• YOUR GOAL: Give back the full listing, character for character, with no pictures.

• RECORDED DATA:
.....

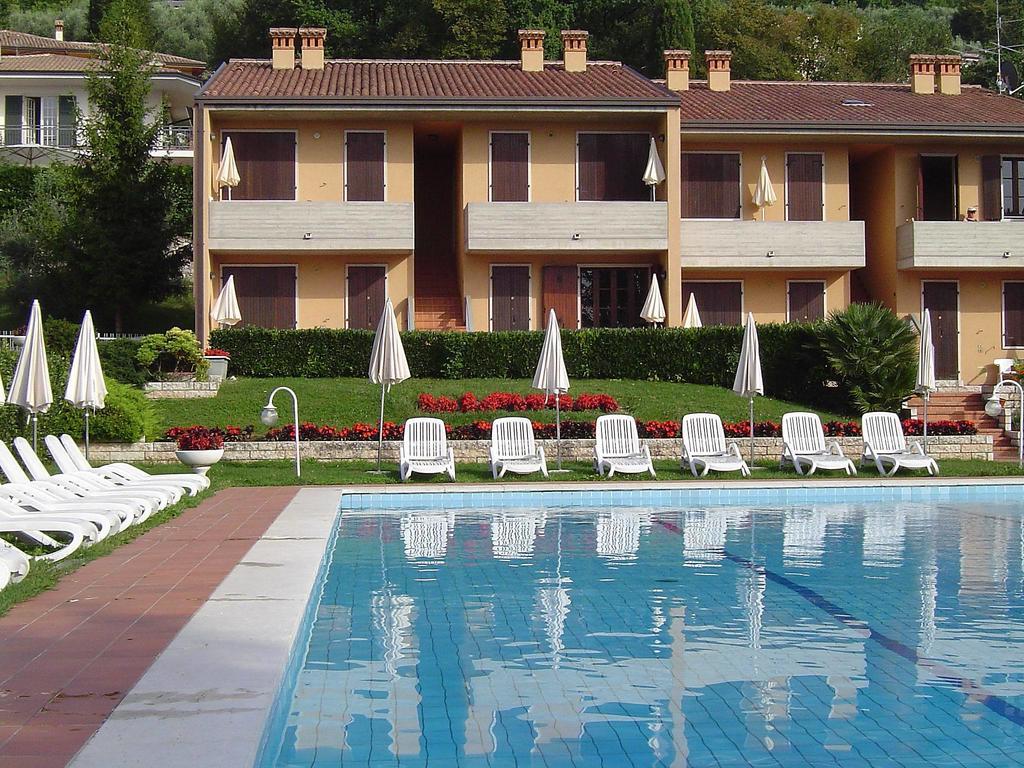 Residence Liana Albisano ตอร์รีเดลเบนาโก ภายนอก รูปภาพ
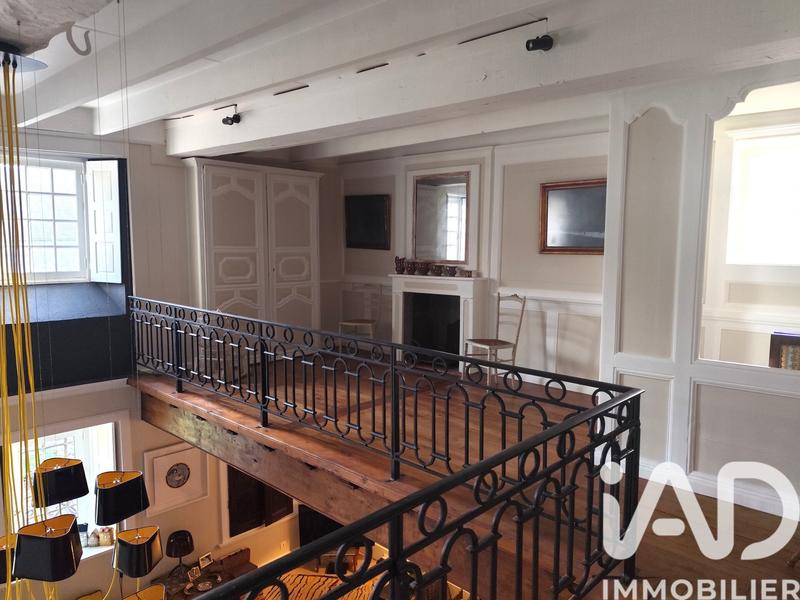 Maison - 218 m² - 6 pièces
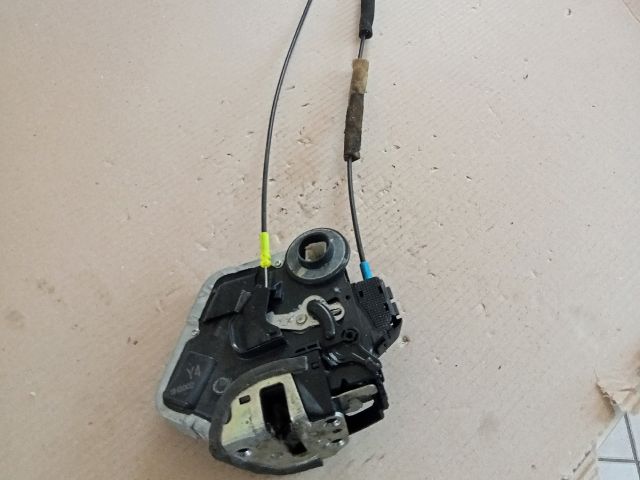 bontott TOYOTA AVENSIS T25 Bal hátsó Ajtózár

.....

• WRITTEN ANSWER:
 Residence Liana Albisano ตอร์รีเดลเบนาโก ภายนอก รูปภาพ
 Maison - 218 m² - 6 pièces
 bontott TOYOTA AVENSIS T25 Bal hátsó Ajtózár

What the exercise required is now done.